You didn’t take quite that long, but there were five years between your last two albums. The main problem was that I was looking for—I had a problem with the dramaturgy on the record. I felt like the songs weren’t fitting together. I gave them to a friend, Henning from The Tough Alliance, and he was like “Yeah, you’re right. They don’t fit together, these songs.” And we started talking about it, and he helped me put together the Argument With Myself EP last year. It wasn’t until I had taken those songs out and put them on something else with his help that I started realizing where the other songs were going. I think the other album was really going in a circle in so many ways. The circle seems to be recurring several times on the record. The way it starts and ends with the same song. The circle is even on the front cover. So it’s a circuitous record.
What does that mean, though? When I started writing the songs for this record, the last thing that I wanted to write about was this fucking breakup. I felt like it was counter-productive. I started writing songs about, you know, heartbreak songs. And they just sounded like a whiny 17-year-old emo kid. I think I had to go in a circle where I started writing songs about other things that eventually led me back to the breakup anyway. But I had to make that journey around to get some perspectives on things. And to sort of land where it was not just my diary entries but actually something that people could relate to somehow. Something that was more essentially human.
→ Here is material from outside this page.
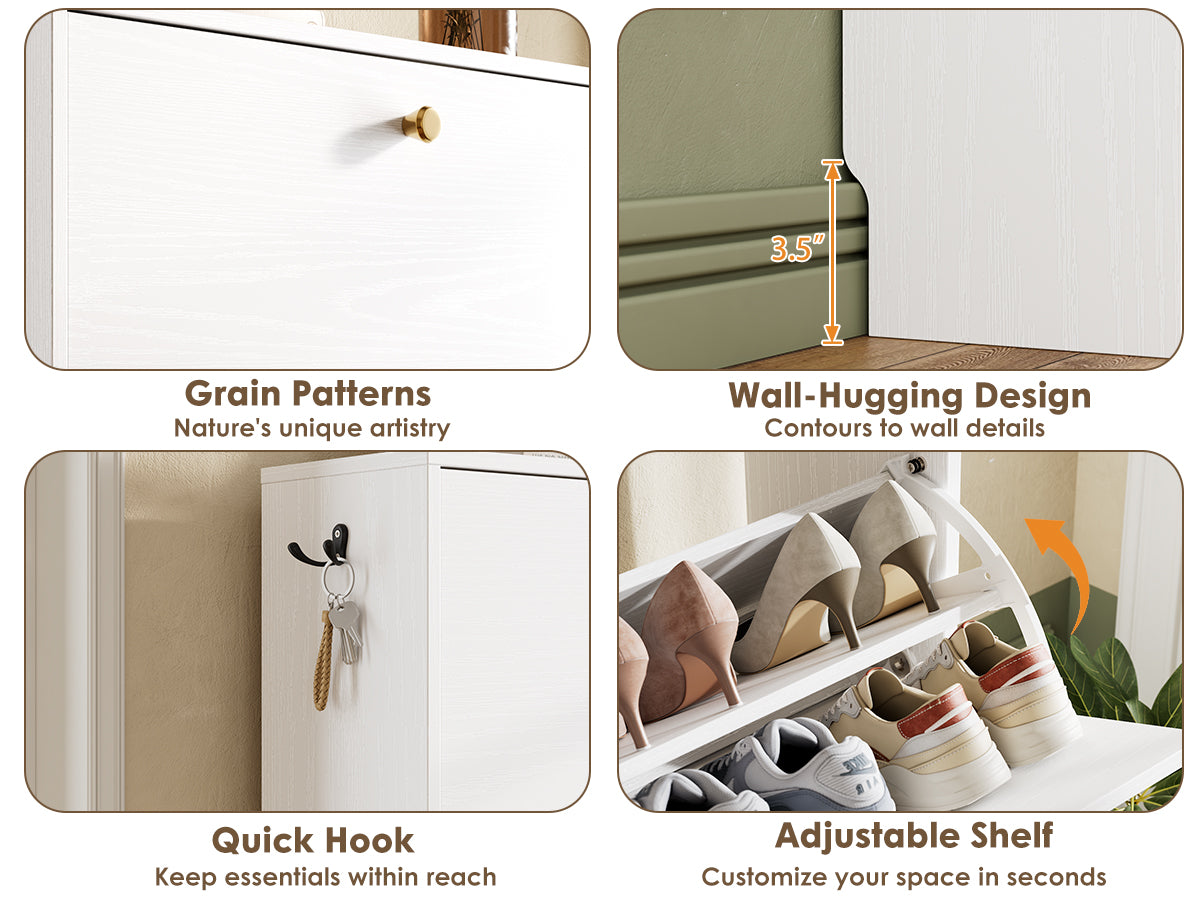 Nicetree 2-Drawer Shoe Cabinet - White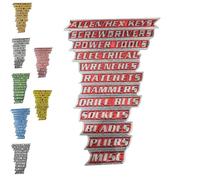 12 Pack of Magnetic Toolbox Labels, New 3D-Printed Tool Box Labels, General ToolBox Organize Accessories,Easy to Stick and Remove, for Tool Organization, Carts, Drawers, and Cabinets (Red)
I’ve noticed that at your concerts, when you tell a story before a certain song, it’s always pretty much the same. Why do you do it that way, like scripted? I change details sometimes, but generally if I don’t have a story thought out and do it the same way every time, if I start improvising, it’s just a recipe for disaster. I’ve tried it in the past and it just doesn’t work. When I started going to see stand-up comedians—and I’m a big stand-up comedy fan—I noticed that they did the jokes the same way every night. What was so fascinating was the way, with timing being so important in comedy, just the way they could wait for the crowds reaction and then just BAM! They knew exactly when to have every detail come in. So it was just about rhythm, while the content was always the same.
Your style of songwriting really lends itself to stand-up comedy, actually. Stand-up comedy is the scariest thing I could think of doing ever. It seems like the hardest and most ungrateful job you could have. The only thing that keeps me from doing it, and the thing that keeps me being a musician, is that I can always fall back on the song. The song, it’s part of the story. So for me just to go up and tell the story—I don’t think that would really work. It’s always about how it leads up to the song.
What are your favorite things to do besides music? Running. I love running. I think it does something that all people who write or do something creative have to—it might not be running, but I think you have to do something like that. Have you read that book by Haruki Murakami, What I Talk About When I Talk About Running? He explains it perfectly in the book. When you do this thing, when you just have to constantly wrap your brain around words and tiny details, it’s like being a micro-miniature artist sometimes who just gets so obsessed by details. You have to let your brain go on vacation. I love going out running an hour per day. I like when there’s no people outside and it’s dark. I can just run on the street without any cars being there. For me it’s not punishment anymore, because once you run for a certain amount of time, your body just gets so used to it. I’m not even breathing hard when I’m running. I breathe completely normal. I sweat a little bit.